Quand le froid a commencé à brûler mes tripes, les ayant pétries, amassées, les ayant nettoyées et mises au chaud du soleil du moi de mars, je les ai à nouveau gardées entre mes cuisses molles. J'ai prise une douche de pudeur froid(e), je me suis rhabillé et rentré à l'agence habillé en rouge. Ce matin, au moment de la pause, j'ai juste commandé un jus d'orange. Naturel. Tu sais? J'ai réfléchi ces derniers temps. Je vais peut-être lui accorder une chance au type du bureau, ça me fera du bien de prendre l'air un peu. Oui, je vais lui dire que oui, et c'est pas exclu qu'au lieu d'une on prenne deux ou trois bières, pas plus, tu sais que sinon après je ne retrouve plus mes pieds, moi, et ensuite nous pourrions danser un peu et finir chez lui, cette fois-ci en s'arrachant les vêtements à coups de dents, et le lendemain matin sera tout à fait normal, je me blottirai contre lui dans lit avant de partir, et alors j'attendrai qu'il me rappelle pendant trois jours (tu connais, toi, la règle des trois jours non? bah oui, tu la connais, c'est sûr, t'es comme même pas si bizarre!) pour aller dîner ou voir un film, tout les deux, et puis alors on se mettra ensemble quelques semaines je ne sais pas.
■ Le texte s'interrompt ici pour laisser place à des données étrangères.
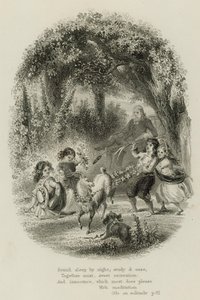 Scena da Ode alla Solitudine, di Alexander Pope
Après, s'il continue à me plaire et qu'il ne dit pas trop des conneries après avoir baisé, peut-être je le présenterai devant mes parents et s'ils l'aiment aussi, ils pourront lui faire remarquer que je suis digne de l'âge çafaitdéjàlongtemps et comme ça il m'achètera une belle robe blanche jusqu'aux pieds pour me conduire devant un autel solennel où on prêtera serment de notre amour pour le meilleur et pour le pire; le meilleur étant qu'on trouve une maison en banlieue, car ça m'écœure le bruit du centre ville, avec un jardin et des balançoires pour les gamins, deux, une fille et un garçon, et pourquoi pas un chien, de petite taille, pour qu'il puisse courir à son gré, et le pire étant que je ne serai  jamais en mesure de réaliser ses rêves car  moi, ce que je veux vraiment, moi maintenant, c'est pouvoir souffrir encore un peu. Pour toi. Pour nous deux. Pour tout le monde entier. 
Mais pas maintenant, s'il te plaît, pas encore.


Désolée, mon ange, mais personne ne survit à la déchirure perpétuelle.